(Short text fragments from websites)
* * * *
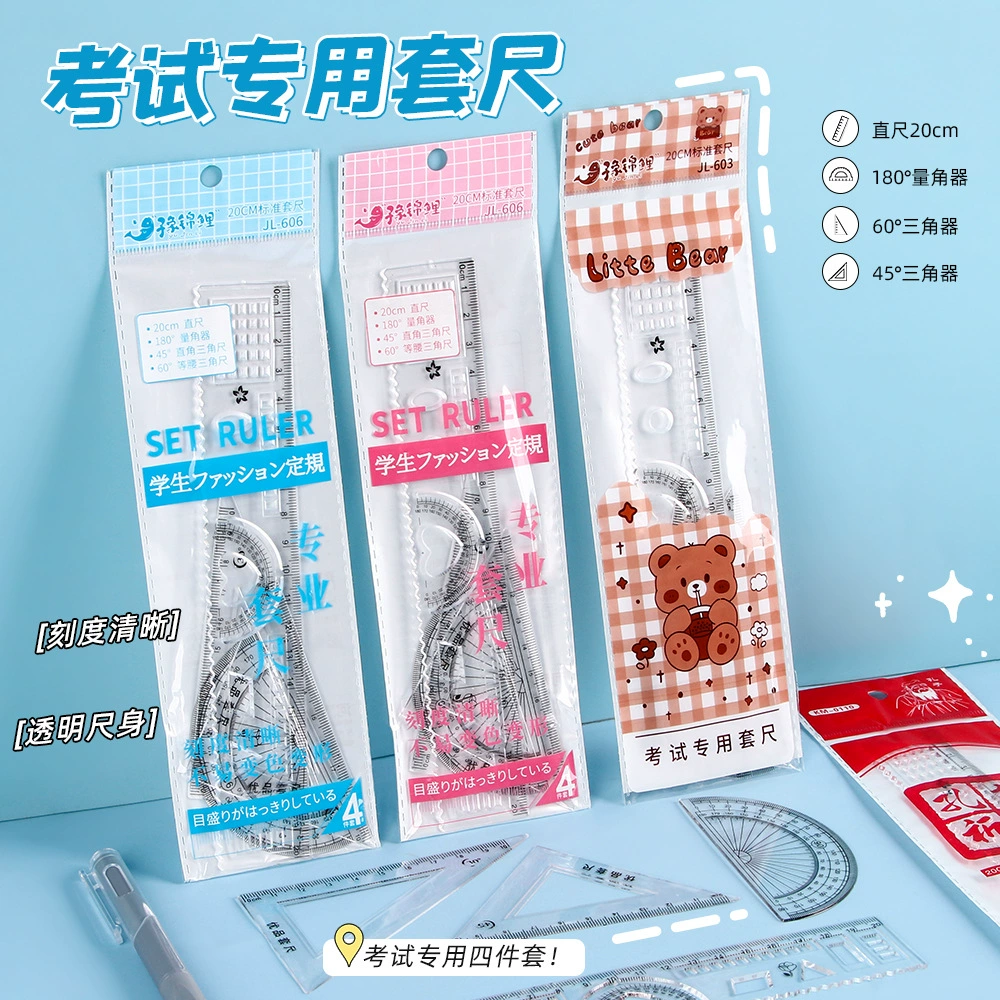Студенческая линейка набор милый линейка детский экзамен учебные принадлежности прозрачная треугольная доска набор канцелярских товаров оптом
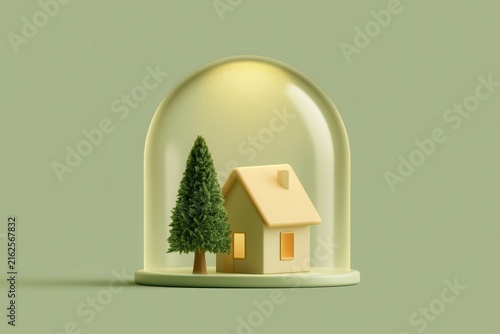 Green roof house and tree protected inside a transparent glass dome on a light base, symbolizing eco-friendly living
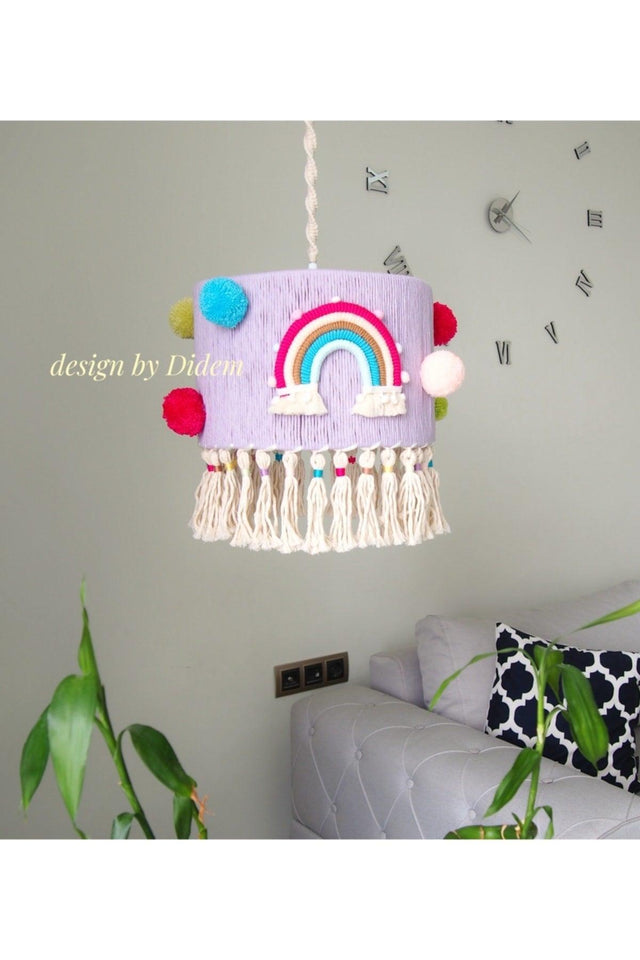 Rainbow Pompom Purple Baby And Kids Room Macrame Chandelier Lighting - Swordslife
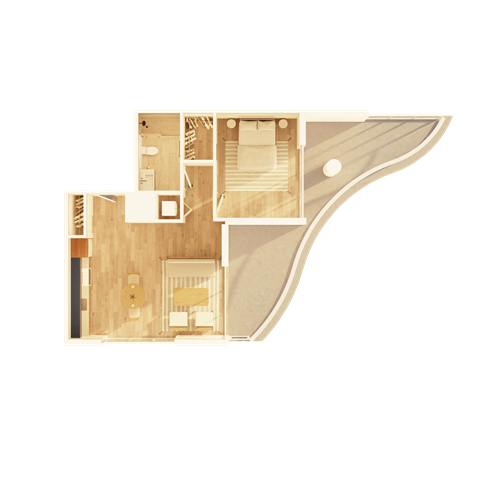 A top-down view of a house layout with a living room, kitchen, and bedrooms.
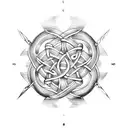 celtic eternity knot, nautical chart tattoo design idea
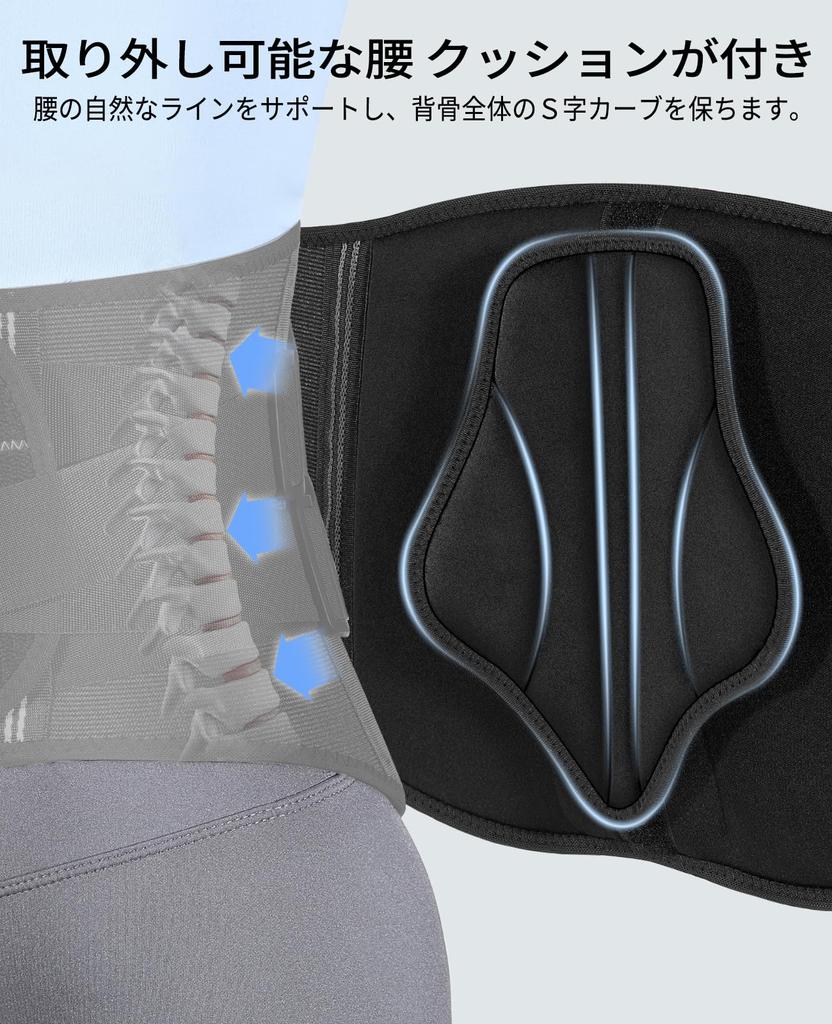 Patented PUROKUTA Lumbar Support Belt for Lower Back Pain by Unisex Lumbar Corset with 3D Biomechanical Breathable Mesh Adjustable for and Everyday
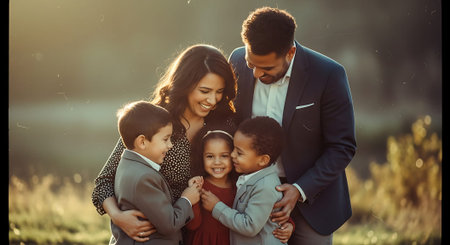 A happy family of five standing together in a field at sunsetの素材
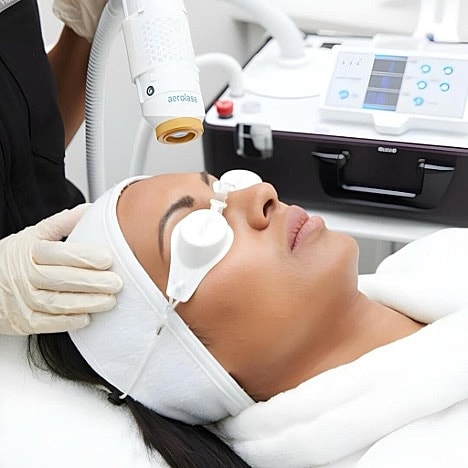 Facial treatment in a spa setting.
* * * *
• Exercise directions:
Please repeat the lines above from the line containing "Green roof house" through the final line, both included, exactly as they stand and without pictures.

• Expected answer:
 Green roof house and tree protected inside a transparent glass dome on a light base, symbolizing eco-friendly living
 Rainbow Pompom Purple Baby And Kids Room Macrame Chandelier Lighting - Swordslife
 A top-down view of a house layout with a living room, kitchen, and bedrooms.
 celtic eternity knot, nautical chart tattoo design idea
 Patented PUROKUTA Lumbar Support Belt for Lower Back Pain by Unisex Lumbar Corset with 3D Biomechanical Breathable Mesh Adjustable for and Everyday
 A happy family of five standing together in a field at sunsetの素材
 Facial treatment in a spa setting.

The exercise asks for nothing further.